I will freely admit I know next to nothing about Malawi. Our World Vision sponsored child lives there, and I know that it's in Africa. That's about where my knowledge ends. But the story of William is an incredible story, mostly because there are so many points where William could have given up. He mentions it at different points in the story, about how easily he could have become just another subsistence farmer, destined to live according to the fates of the rains and government corruption. But he wants more than that--he wants better.
So he sets out to build a windmill, like he has read about in the books he checks out from the library while he waits for his parents to find money to send him back to school. It's a crude device, fastened out of whatever is available in the junkyard and what he can beg and borrow from friends and family. But it works--it works marvelously, and he can charge people's cell phones and wire his house with electricity and play the radio and more. His windmill takes him from Malawi to South Africa to Los Angeles to Dartmouth.
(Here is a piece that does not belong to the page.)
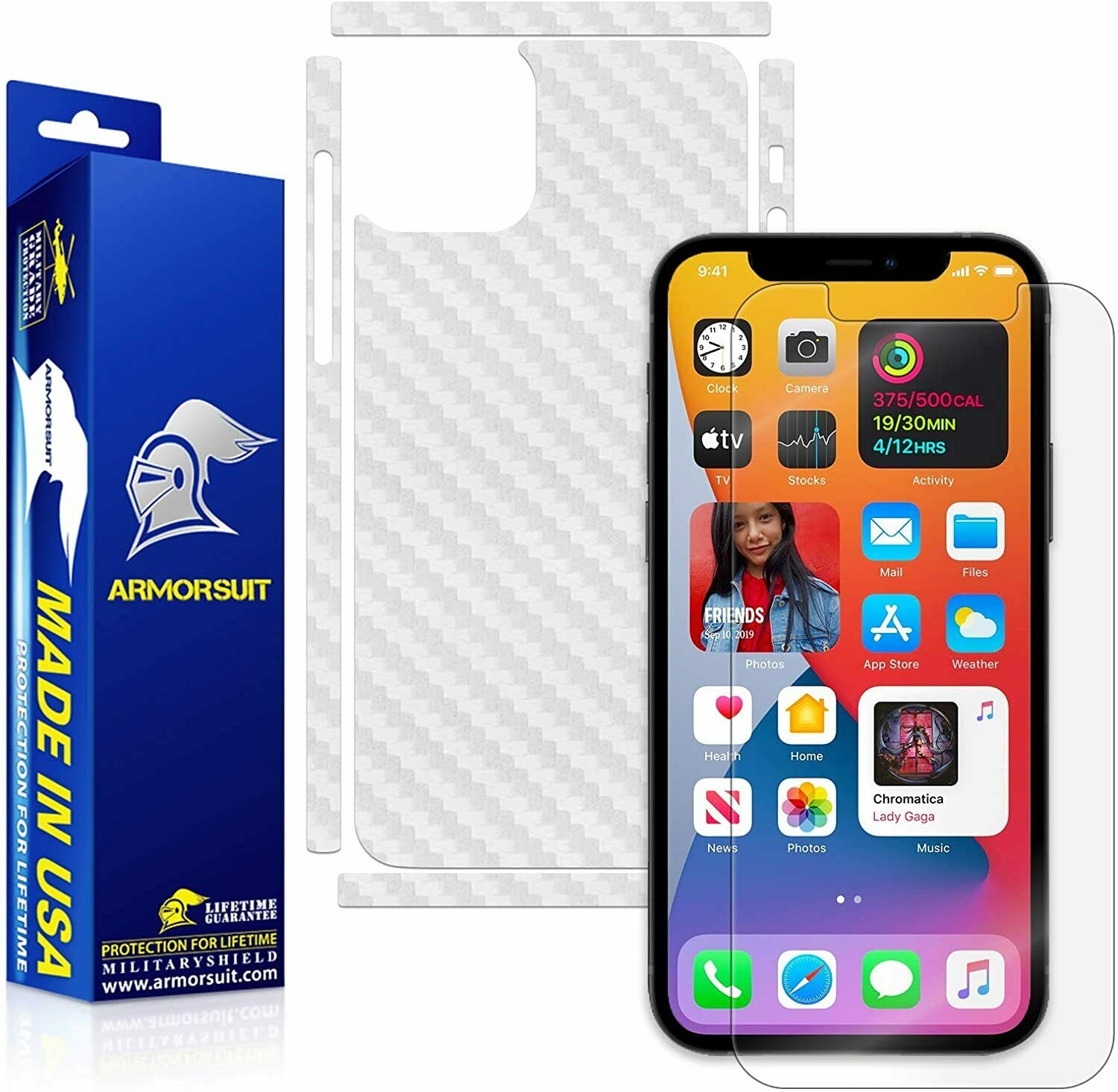 iPhone 12 Pro Max (6.7) Screen Protector +  Carbon Fiber Skin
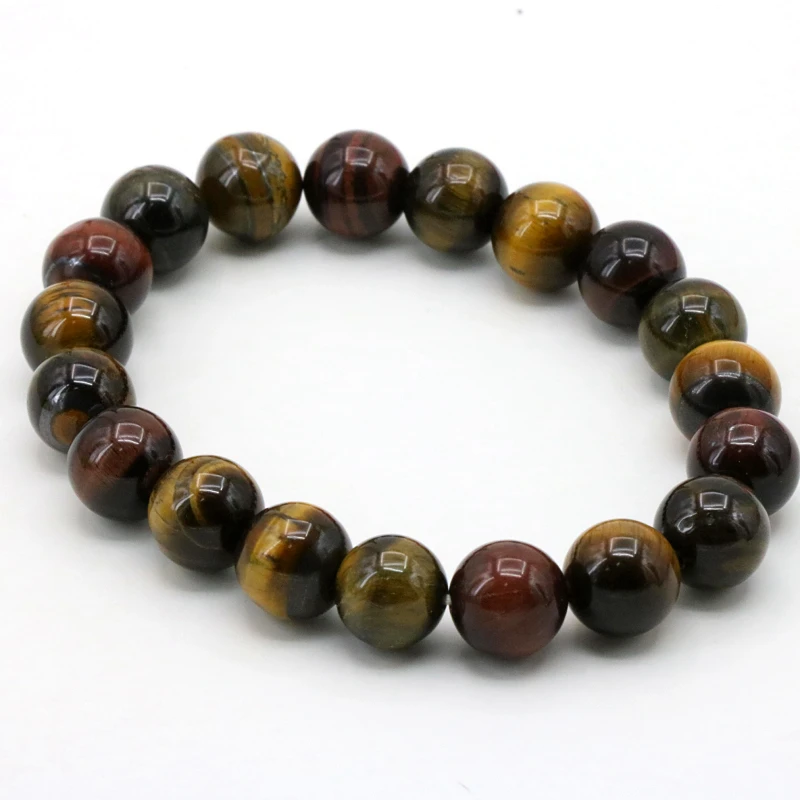 

Multicolor tiger stone elastic bracelet 10/12/14mm dimension optional DIY stone handmade design fashion beautiful jewelry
In the midst of the book, a large chunk of the telling is focused on the famine that hit Malawi. This is where I confess that I had no idea that a famine hit Malawi. Rachel and I were talking last night about how difficult it is to keep up with all the news stories of the world, especially given the tragic nature of so many of them. I wish I could say that I had been moved to action when famine hit Malawi. I wish I could say the same for the famine that is taking place in Somalia right now--it is claiming the lives of thousands, and is a heartbreaking tragedy. I don't know what it is about our isolation from such stories, but surely there is something that God calls us to when famine strikes these already poor pockets of the world. I pray for the wisdom to respond in the best way, be it through prayer or donations or some other path. It is a terrible thing, made worse by governments that seem to not care about the lives of the people. May we, as the people of God, find some response and serve those in desperate need.